Sure, business owners make mistakes too, but when it happens, it's on them. Nowhere to point the finger but at themselves. How about the auto dealerships that were hastily closed in trade for bailouts of the parent corporations? From CNN:
"Treasury made a series of decisions that may have substantially contributed to the accelerated shuttering of thousands of small businesses ... potentially adding tens of thousands of workers to the already lengthy unemployment rolls," said the report, released by the Special Inspector General for the Troubled Asset Relief Program (SIGTARP), Neil Barofsky.
GM and Chrysler were both required to submit restructuring plans to the Treasury's Auto Team in February of 2009, but the plans were rejected because Treasury deemed that the car makers weren't moving to close dealerships at a rate fast enough to keep their businesses viable.
So the auto manufacturers accelerated the process, with the help of bankruptcy laws that let them cancel dealer contracts.
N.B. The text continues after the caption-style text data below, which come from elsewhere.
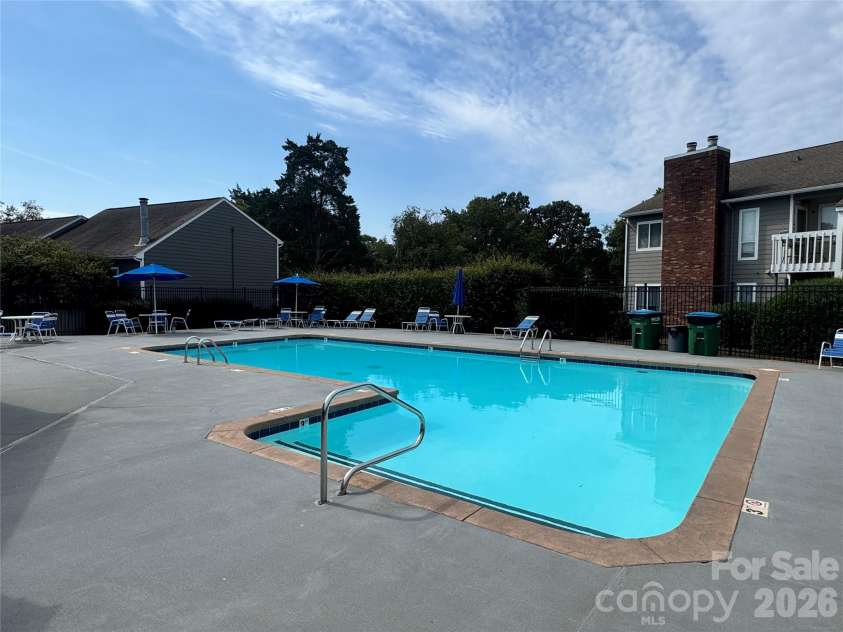 3284 Heathstead Place, Charlotte, NC 28210.  MLS# CAR4426696, YatesRealty ID 52638. 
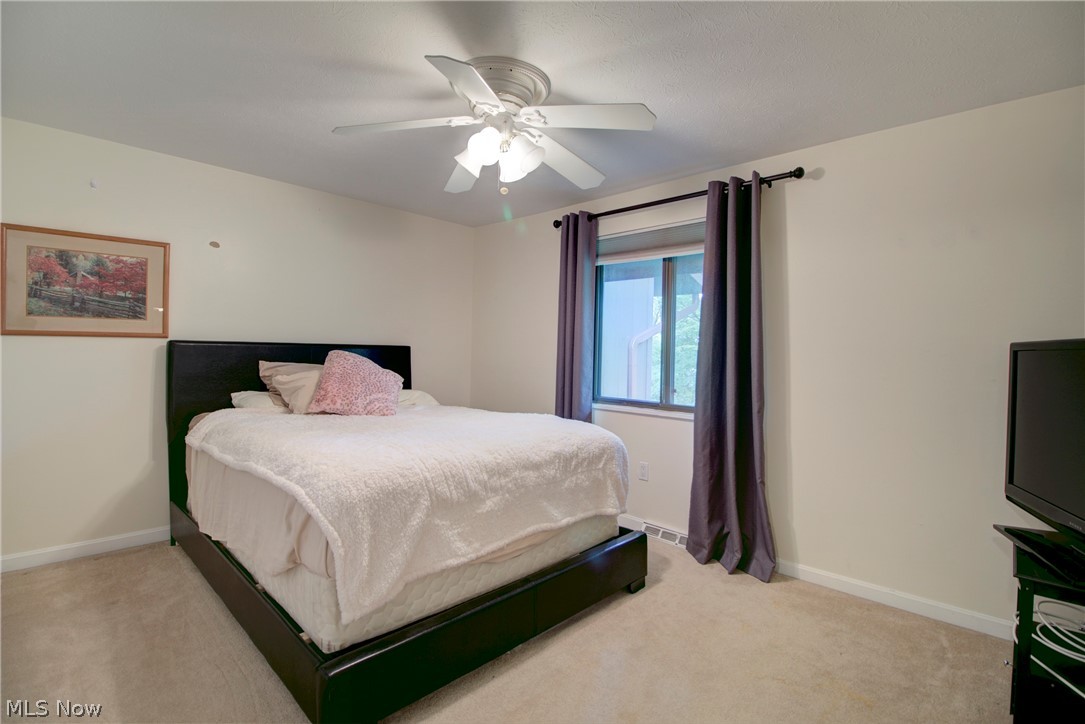 9420 Bassett Lane North Royalton OH 44133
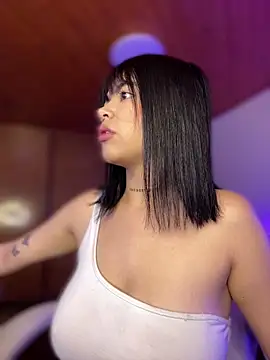 Violetaa pink18 online show from April 13, 2026, 1:59 pm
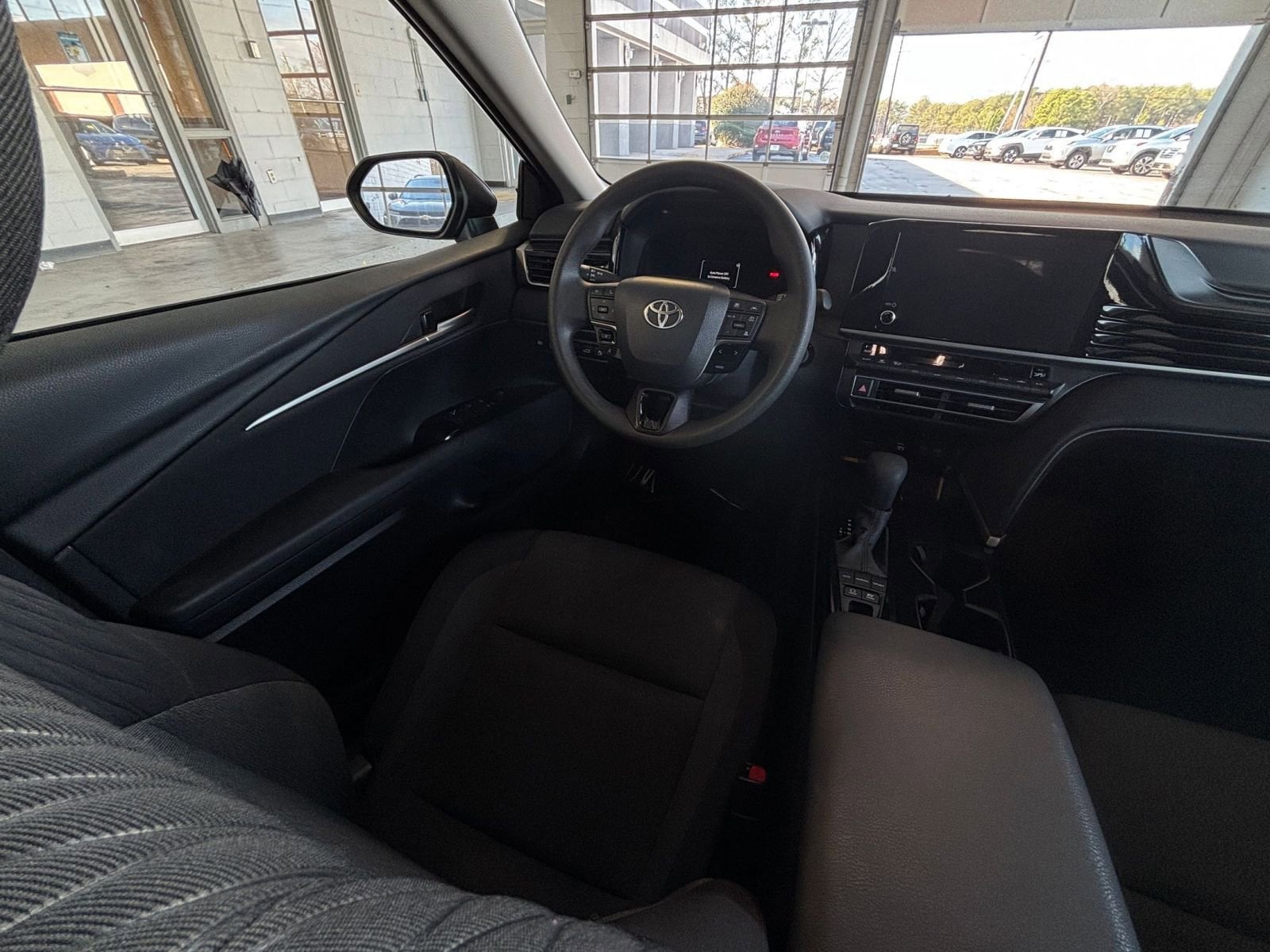 Thumbnail: 2025 Toyota Camry - 33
Chrysler terminated 789 dealerships last summer and General Motors announced plans to wind down 1,454 dealerships by October of 2010.
I'm all about the austerity and cost savings, wherever they may be found. Were the dealerships losing money?
Dealerships weren't axed to save money: The audit also found that dealerships weren't axed for the sake of saving money but for "far more amorphous reasons."
"Key members of [Treasury's] Auto Team stated ... that they did not consider cost savings to be a factor in determining the need for dealership closures," the report said.
It would be interesting to learn what those 'amorphous reasons' were. I don't like an amorphous government. It just doesn't breed confidence.
Sure, the automakers made the deal with the devil, and had to take Treasury's terms to get the money. But actions should have some reasons underpinning them.
If the government is acting to save jobs, this was a complete idiot's way of doing it.